Having found the line that holds "People queued for", give that line and all lines after it again, word for word, through the end of the data below.

### Recorded data
******************************
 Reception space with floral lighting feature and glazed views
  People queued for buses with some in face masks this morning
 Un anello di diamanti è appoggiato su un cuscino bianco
******************************
### Answer space
  People queued for buses with some in face masks this morning
 Un anello di diamanti è appoggiato su un cuscino bianco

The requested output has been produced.